As the rule states, a party may appeal as of right from any final order or judgment. Iowa R.App. P. 1(a); Rowen v. LeMars Mut. Ins. Co., 357 N.W.2d 579, 581 (Iowa 1984). However, if a ruling or decision is interlocutory, we lack jurisdiction unless permission to appeal is granted. See Iowa R.App. P. 2; Rowen, 357 N.W.2d at 581. An interlocutory order is “one that is not finally decisive of the ease.” Williams v. Bourne, 248 Iowa 189, 194, 79 N.W.2d 751, 754 (1956). In other words, an order is interlocutory if it directs an inquiry into a matter of fact preparatory to a final decision. In re C.S., 516 N.W.2d 851, 857 (Iowa 1994).

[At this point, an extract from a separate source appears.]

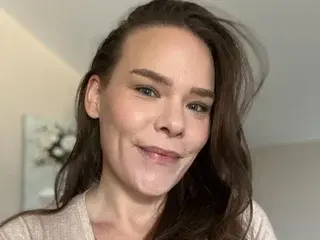 Streamate Live Sex Cam of sarahinparadise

In C.S., we held that a ruling is not final if the court intends to do something further to signify its final adjudication of the case, and that “a juvenile court order is not final unless it disposes of all the issues.” Id. (emphasis added). In Rowen, we stated that even though it is not always clear whether an order is final, “ordinarily a final judgment conclusively adjudicates all of the rights of the parties.” Rowen, 357 N.W.2d at 581.

In Long, we considered whether a predis-positional order of adjudication in a juvenile proceeding was “final” and thus appealable of right under Iowa Rule of Appellate Procedure 1(a). Lang, 313 N.W.2d at 475.